▶ Excerpted data:
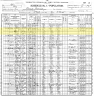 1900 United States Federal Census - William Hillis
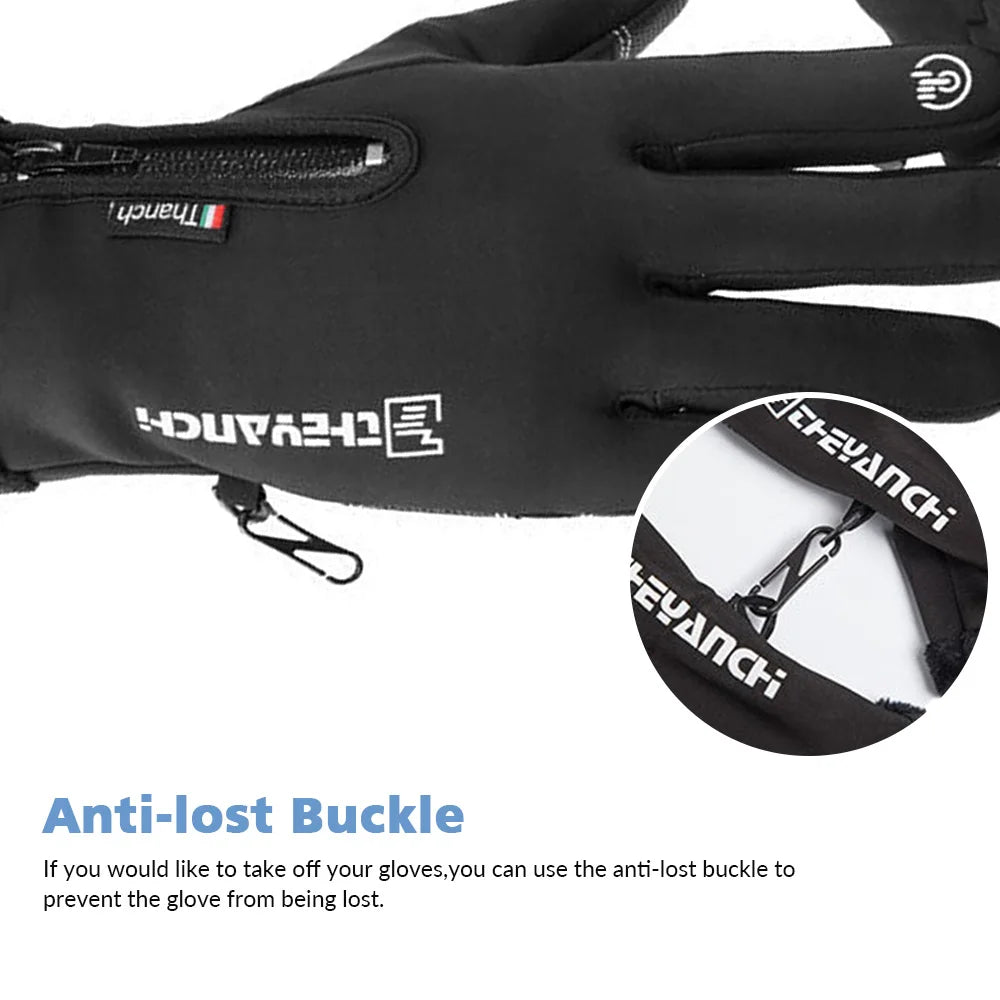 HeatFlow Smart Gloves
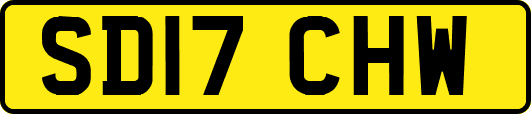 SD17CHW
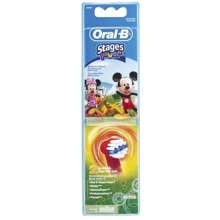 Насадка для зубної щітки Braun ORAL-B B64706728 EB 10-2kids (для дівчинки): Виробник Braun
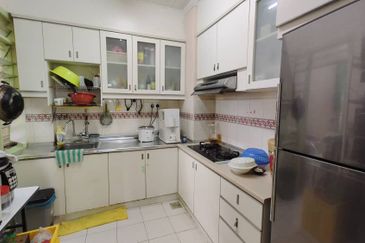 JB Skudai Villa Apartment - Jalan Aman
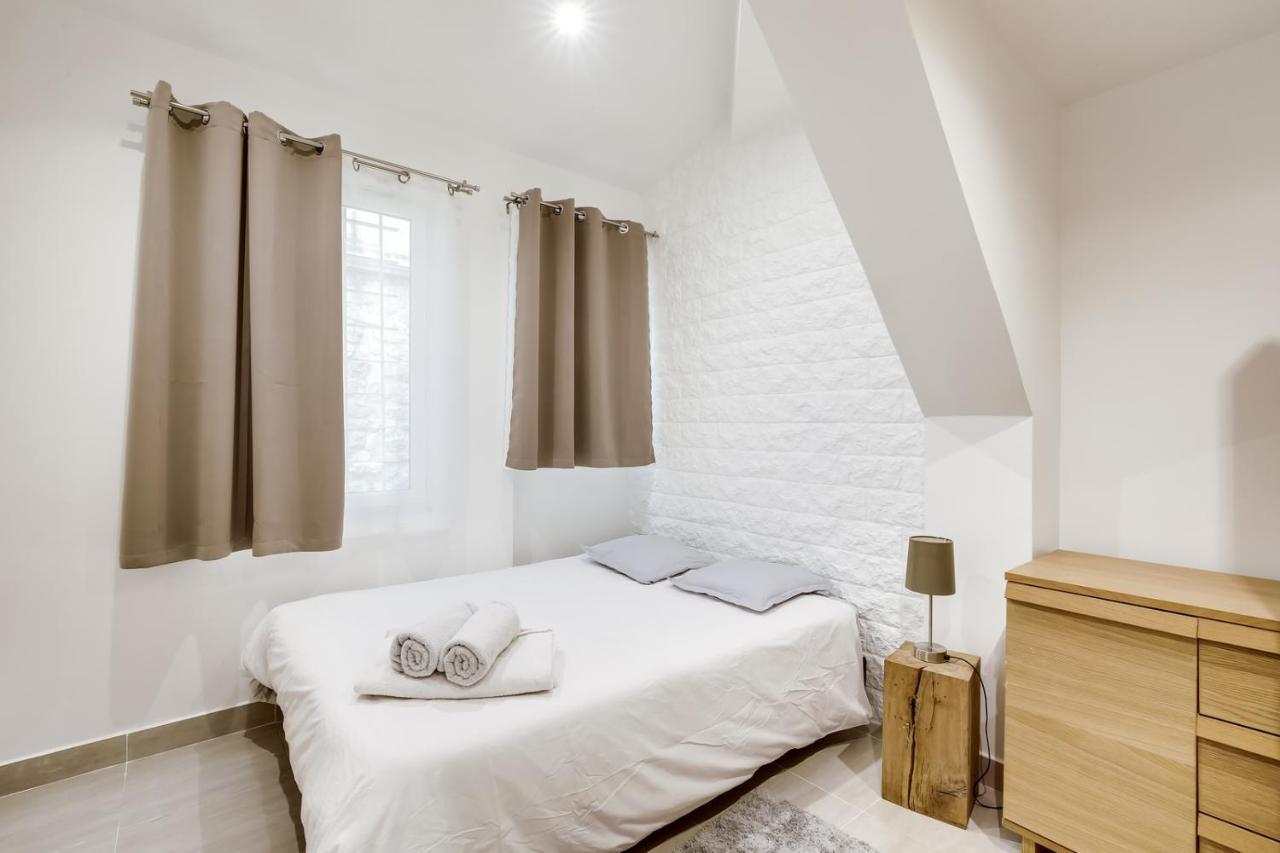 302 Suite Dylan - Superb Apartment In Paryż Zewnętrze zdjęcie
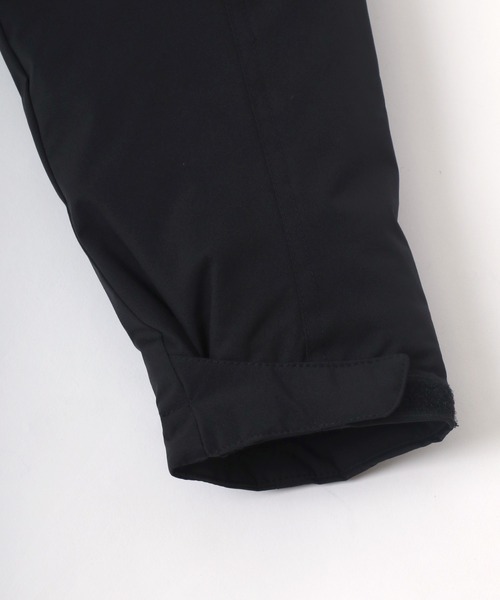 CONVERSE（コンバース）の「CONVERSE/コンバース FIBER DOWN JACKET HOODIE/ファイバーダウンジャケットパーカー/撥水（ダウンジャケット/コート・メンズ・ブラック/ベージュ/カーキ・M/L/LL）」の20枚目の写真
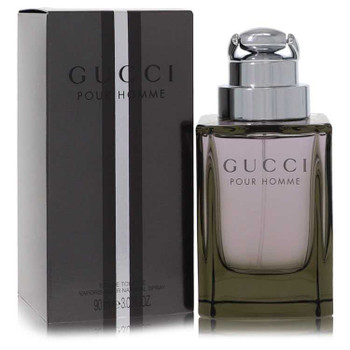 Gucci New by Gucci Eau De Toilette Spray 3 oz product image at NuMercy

---

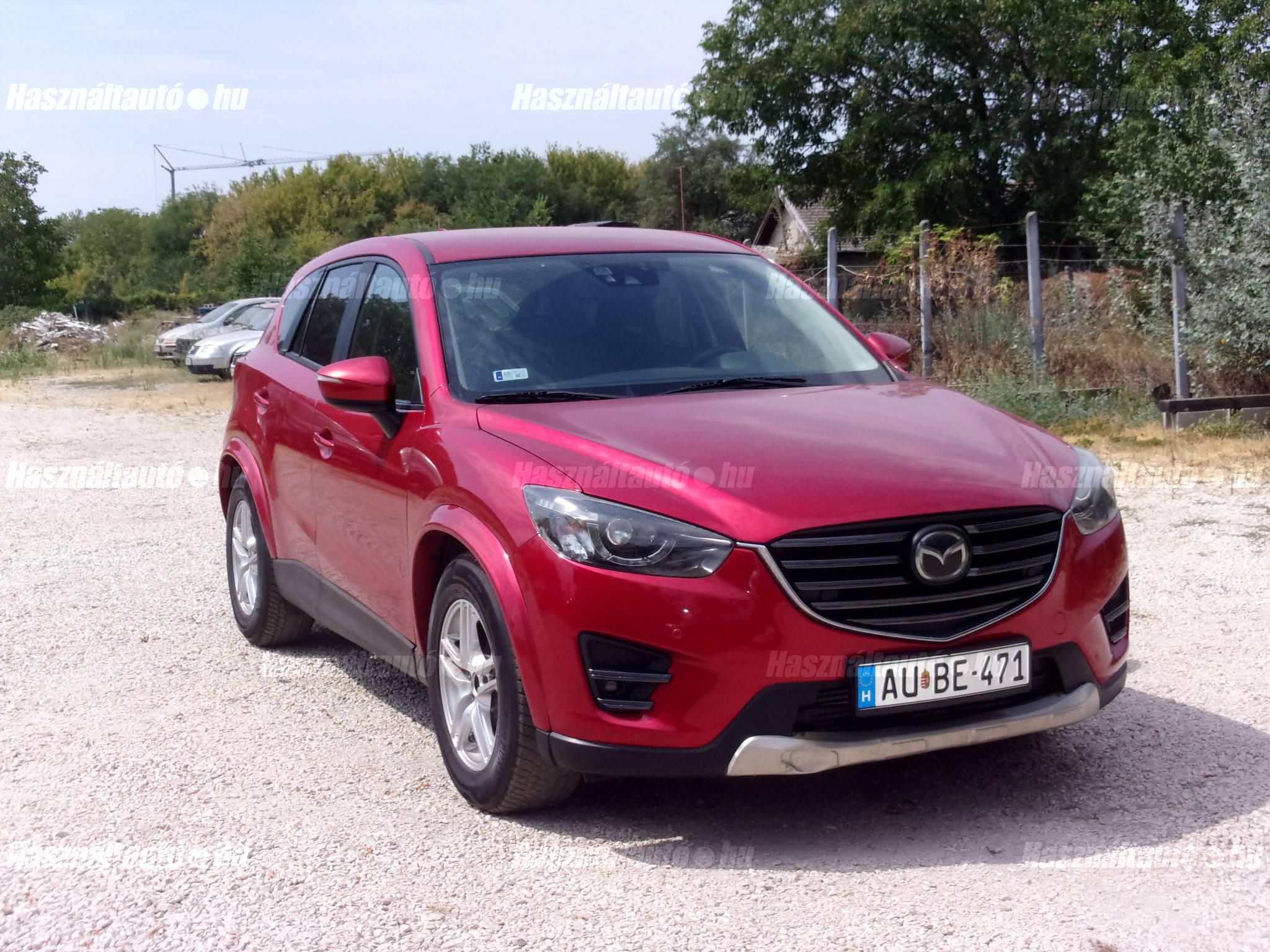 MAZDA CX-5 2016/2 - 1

==

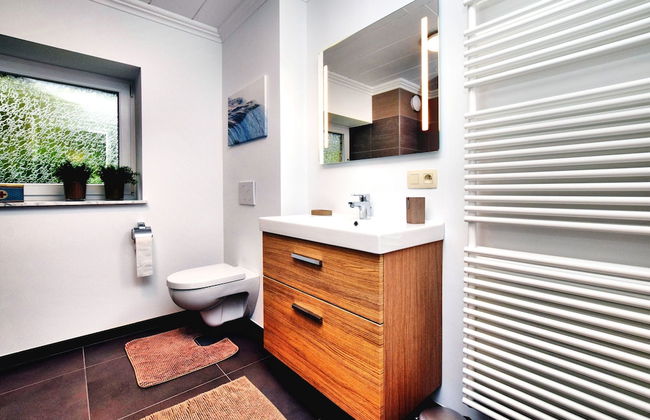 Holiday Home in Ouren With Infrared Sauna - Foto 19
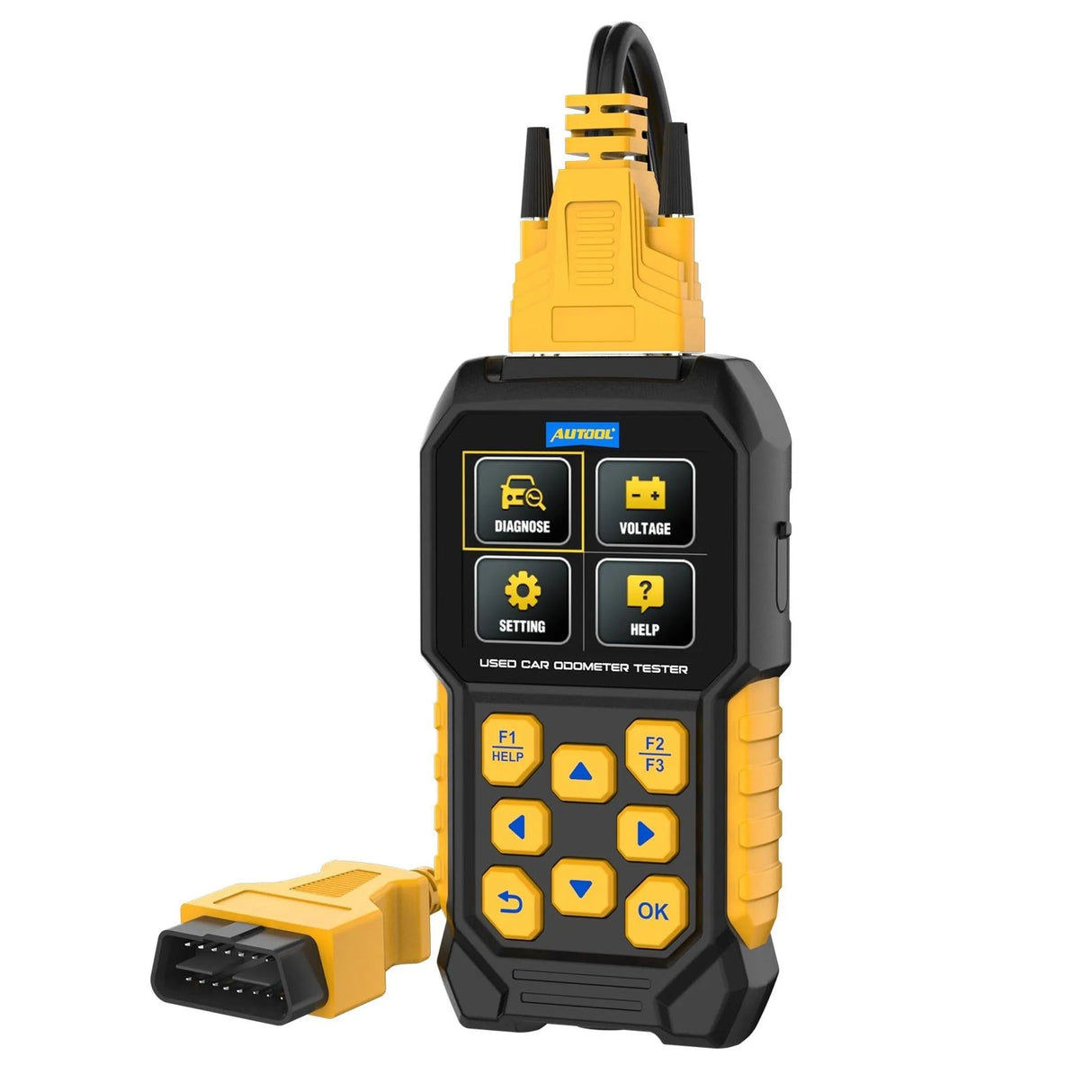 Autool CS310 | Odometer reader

▶ What to work on: Copy out the lines above from the line containing "1900 United States" through the line containing "Gucci New by", exactly, and keep the pictures out.

▶ Finished exercise:
 1900 United States Federal Census - William Hillis
 HeatFlow Smart Gloves
 SD17CHW
 Насадка для зубної щітки Braun ORAL-B B64706728 EB 10-2kids (для дівчинки): Виробник Braun
 JB Skudai Villa Apartment - Jalan Aman
 302 Suite Dylan - Superb Apartment In Paryż Zewnętrze zdjęcie
 CONVERSE（コンバース）の「CONVERSE/コンバース FIBER DOWN JACKET HOODIE/ファイバーダウンジャケットパーカー/撥水（ダウンジャケット/コート・メンズ・ブラック/ベージュ/カーキ・M/L/LL）」の20枚目の写真
 Gucci New by Gucci Eau De Toilette Spray 3 oz product image at NuMercy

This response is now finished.